А поскольку быть при власти означает быть при ресурсах, все мудаки, в зависимости от уровня власти, к которому они присосались, имеют всё, что из этого уровня можно извлечь всевозможными способами. В результате мудаки становятся самой обеспеченной категорией населения. Они повсеместно вводят свои идиотские порядки, прикрываясь заботой о человеке: именно они придумали и ввели длительное закрытие торговых точек на учёт, перерывы на обед в магазинах и особенно на предприятиях общепита в обеденное время, а также в парикмахерских, прачечных и разного рода мастерских, куда надо сбегать на минутку именно в обед. Они же изобрели для всех учреждений и касс маленькие, низко расположенные, словом, идеально неудобные для общения с населением окошечки, сквозь которые звуки их голоса не могут достигнуть ушей бедных нервничающих клиентов.
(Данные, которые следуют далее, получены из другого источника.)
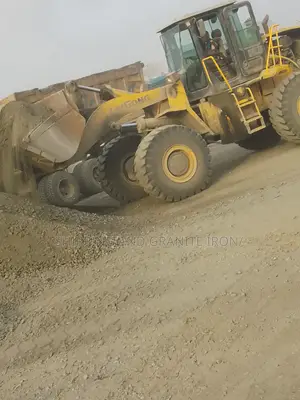 Chipping and Granite for Construction Project Use, It's Still Availabl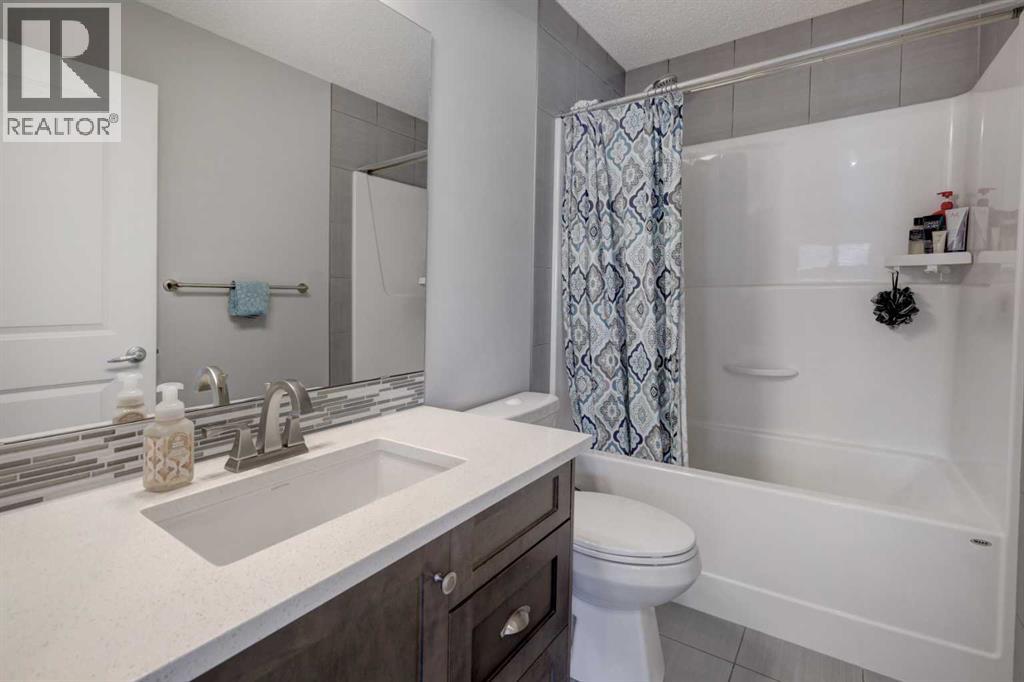 34 Copperpond Street SE, Calgary, Alberta  T2Z 1J2 - Photo 32 - A2297153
Не говорю уж о том, что именно мудакам принадлежит честь идиотской традиции вешать над своим рабочим столом портреты действующего властелина.
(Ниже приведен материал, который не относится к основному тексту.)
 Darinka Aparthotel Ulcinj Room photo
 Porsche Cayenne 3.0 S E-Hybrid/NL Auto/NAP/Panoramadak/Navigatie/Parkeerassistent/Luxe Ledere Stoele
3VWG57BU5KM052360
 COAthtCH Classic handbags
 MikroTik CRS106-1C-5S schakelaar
У нас же, в России, эти процессы усугублены нашей склонностью к крайностям, и поэтому при власти сосредотачивается так много мудаков, что время от времени это количество переходит в качество: они проталкивают своих на самый верх, и тогда наша власть превращается в Заговор Мудаков. Не злодеев, замышляющих всеобщее обнищание, не «агентов влияния» с их политическими диверсиями по указке из-за океана, а своих, наших, родных мудаков, страшнее которых для страны нет. Этот заговор не составлен, не написан, не заучен наизусть, – у него нет текста, он интуитивен и скрыт от других за пределами рассудка. Мудаки же безошибочно чуют друг друга именно подкорковым чутьём, как будто смесь глупости и подлости имеет свой, только им доступный запах, их пароль. Они подсознательно вынюхивают друг друга, кучкуются, выталкивая из своих косяков «чужих», этого запаха не имеющих. В такие времена с самого верха раздаются ни с чем несообразные, немыслимые по своей глупости призывы и приказы: то догнать и перегнать Америку, то немедленно заменить все металлы на пластики, то взять, да и стать ведущей мировой державой по автомобилестроению, то построить научный центр в Сколково, то запретить спиртное – и точка, и так без конца.

*

Интересно, какова природа столь эффективной обратной связи человеческого рода с ходом истории, с нравами, с модой? Каким образом во время войны рождаемость мальчиков начинает увеличиваться? Как природа столь чутко следит за изменениями эталонов красоты и в изобилии рожает по их капризным заказам то пышнотелых красавиц в рубенсовские времена, то сухоньких длинноногих куколок в наши дни?

*

Примерно в течение десятка лет (в семидесятые годы) мне во время бесконечных тогда заседаний, в основном по партийной и профсоюзной линиям, систематически являлся образ трагического будущего: безлюдные города и сельские местности. Будто бы в результате какой-то глобальной катастрофы все погибли, а я случайно остался цел и невредим. Я мысленно бродил по пустым проспектам, разбивал витрины магазинов, добывая припасы, садился то в легковую, то грузовую брошенную машину и ехал в сторону юга, опасаясь будущей зимы. Приключений в этих снах наяву я пережил предостаточно, но так и не встретил ни одно живое существо. Интересно, что каждый раз, а их было несколько сотен, эти наваждения начинались с одной и той же чёткой картины: какой-то уездный вокзал, уходящие в крутой поворот рельсы на пыльных шпалах и томительное ожидание в бесполезных поисках встречи.